[[ Dataset extract, beginning ]]

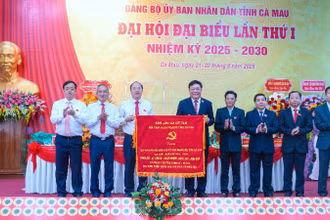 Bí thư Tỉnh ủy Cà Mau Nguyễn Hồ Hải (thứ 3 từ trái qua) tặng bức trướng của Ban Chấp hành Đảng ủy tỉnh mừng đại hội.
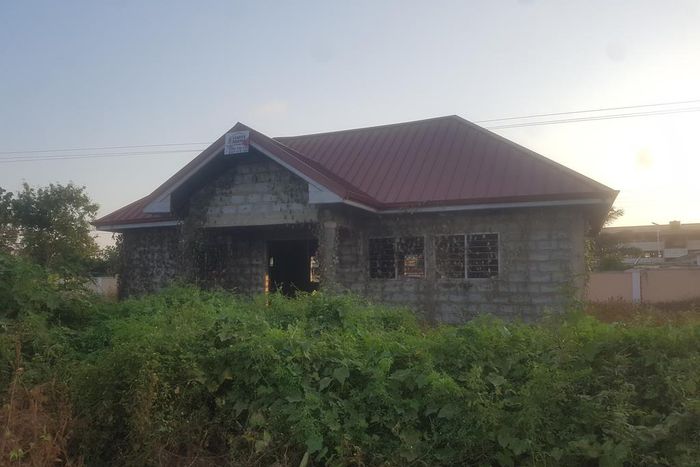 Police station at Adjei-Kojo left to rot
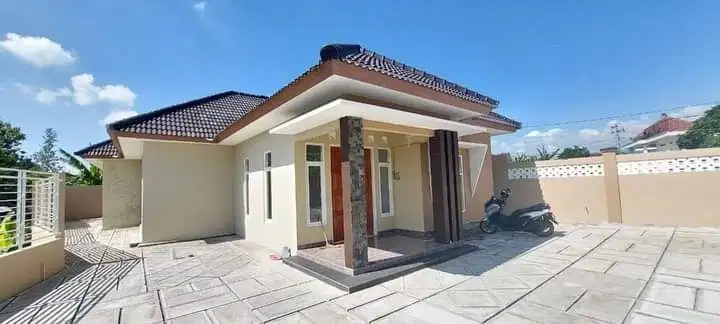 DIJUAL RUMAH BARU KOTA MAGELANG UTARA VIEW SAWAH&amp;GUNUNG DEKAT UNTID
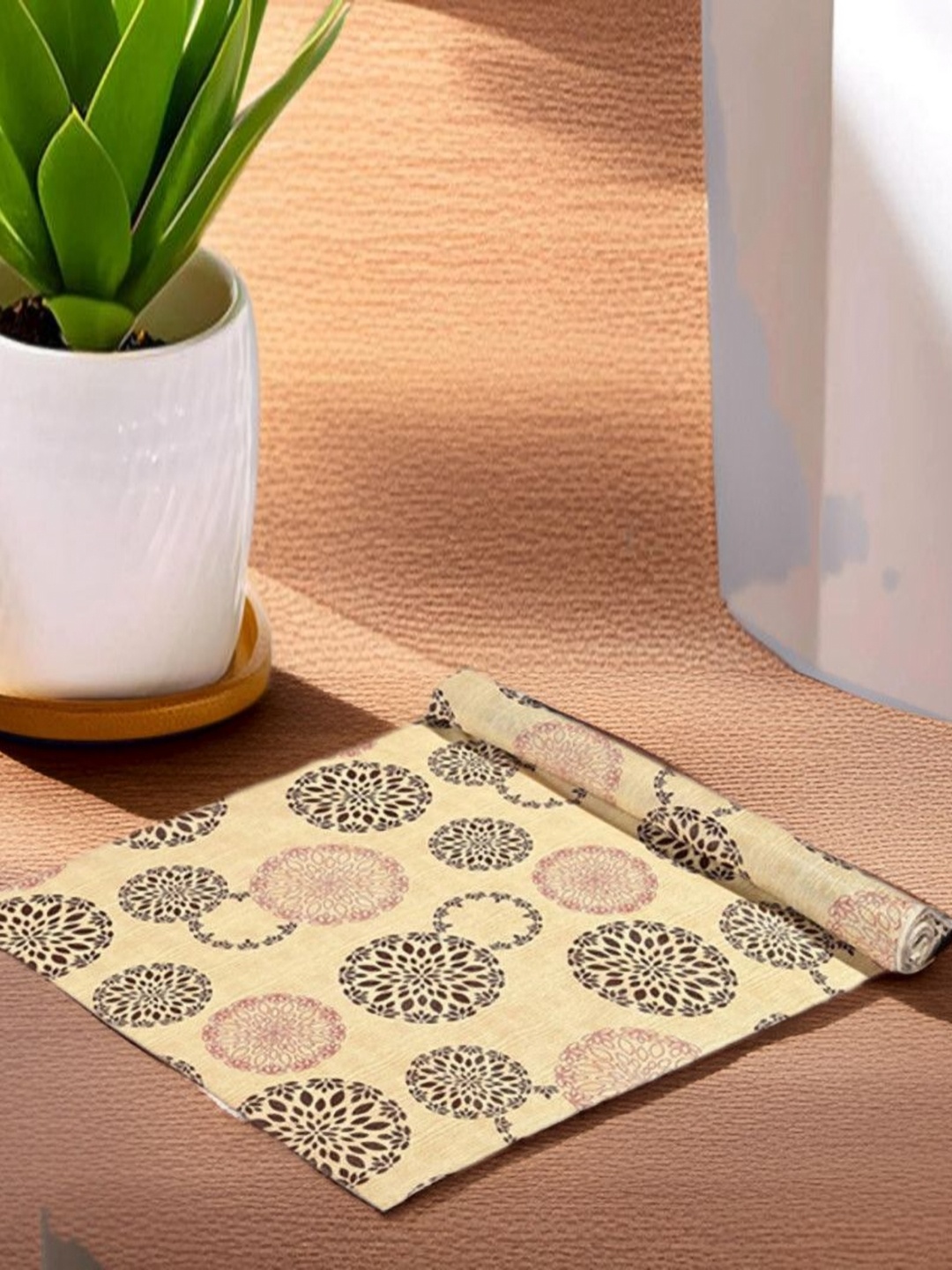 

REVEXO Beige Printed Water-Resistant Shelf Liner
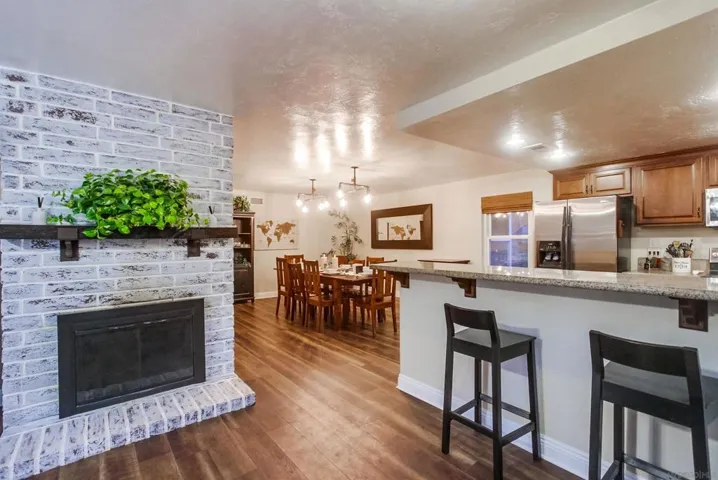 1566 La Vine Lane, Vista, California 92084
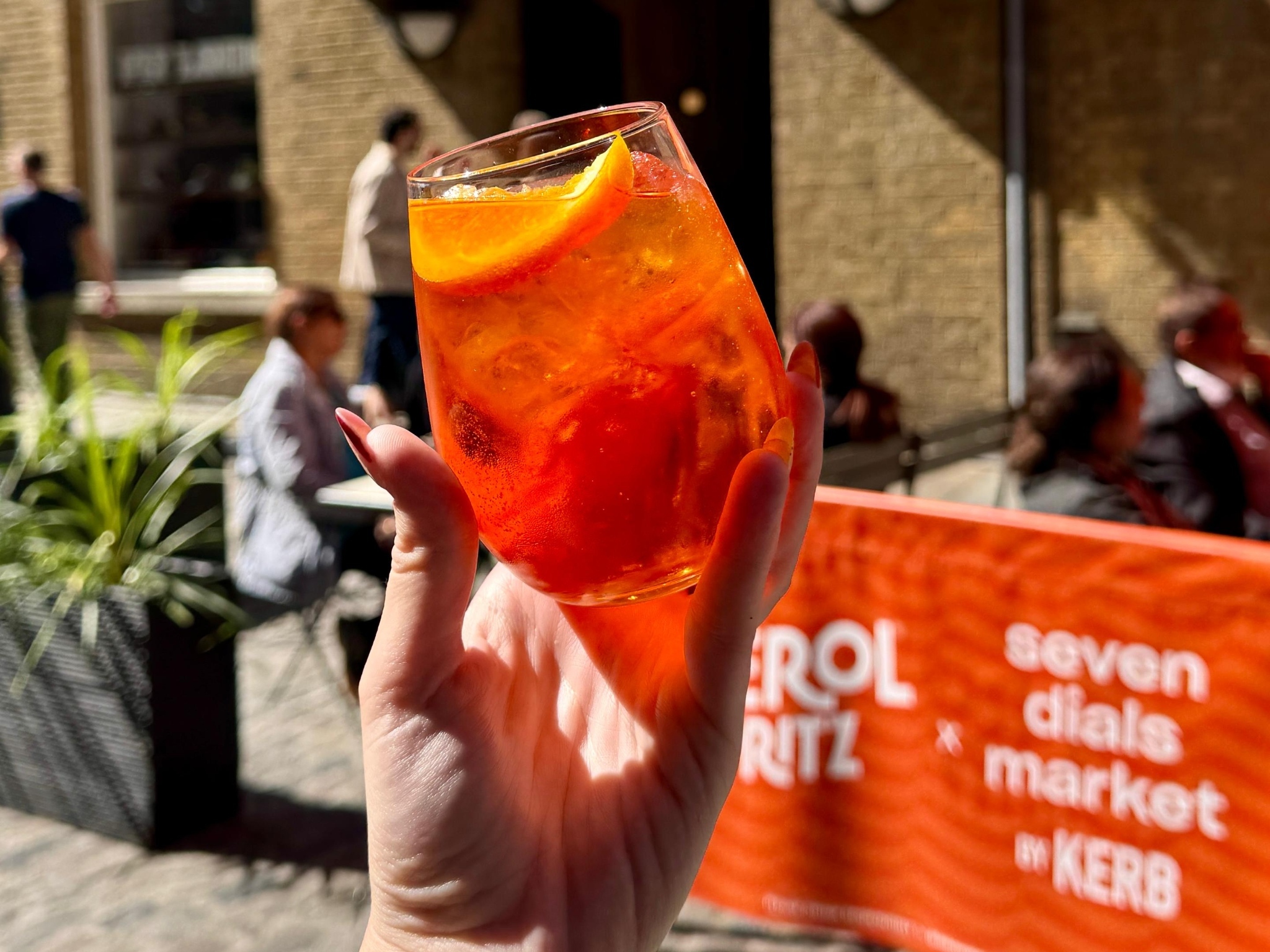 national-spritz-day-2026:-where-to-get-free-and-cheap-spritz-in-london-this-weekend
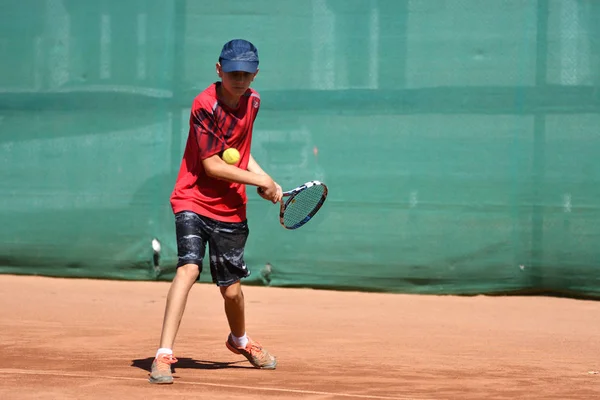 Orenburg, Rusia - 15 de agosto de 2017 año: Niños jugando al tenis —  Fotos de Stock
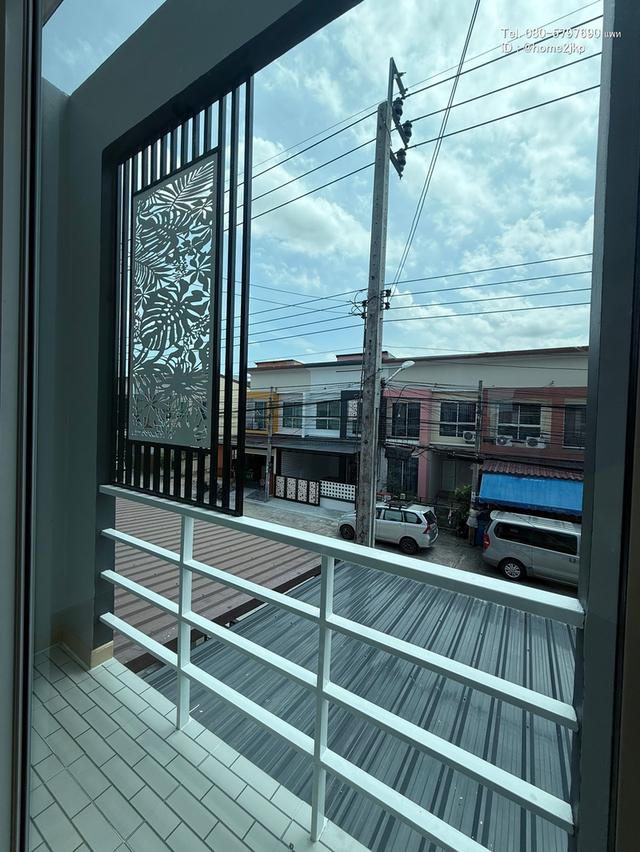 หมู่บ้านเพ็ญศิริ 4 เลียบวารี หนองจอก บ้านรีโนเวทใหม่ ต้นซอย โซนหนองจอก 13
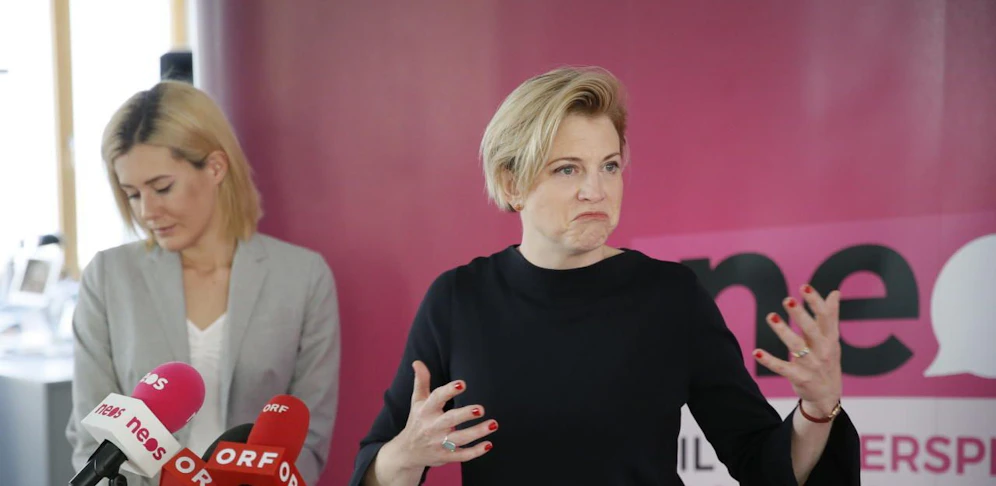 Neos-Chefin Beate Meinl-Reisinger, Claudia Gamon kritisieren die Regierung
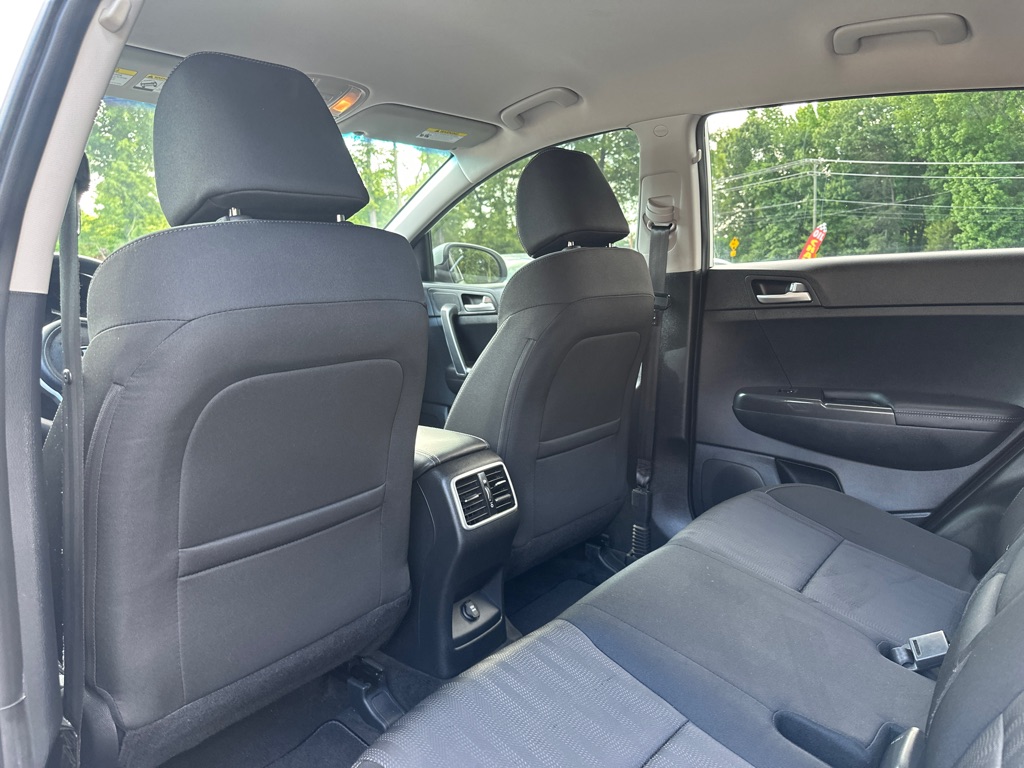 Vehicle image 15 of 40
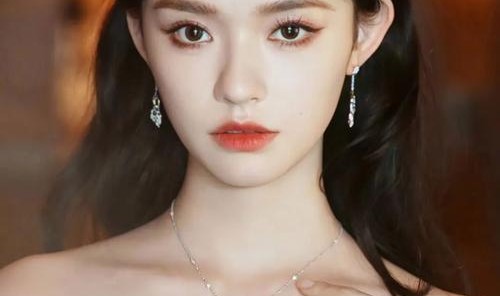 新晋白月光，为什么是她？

[[ Dataset extract, end ]]

• [Directions for this task]: What should appear is an exact reproduction of the lines from the one with "Orenburg, Rusia - 15" through the end of the material above, and no pictures.

• [Solution to this exercise]:
 Orenburg, Rusia - 15 de agosto de 2017 año: Niños jugando al tenis —  Fotos de Stock
 หมู่บ้านเพ็ญศิริ 4 เลียบวารี หนองจอก บ้านรีโนเวทใหม่ ต้นซอย โซนหนองจอก 13
 Neos-Chefin Beate Meinl-Reisinger, Claudia Gamon kritisieren die Regierung
 Vehicle image 15 of 40
 新晋白月光，为什么是她？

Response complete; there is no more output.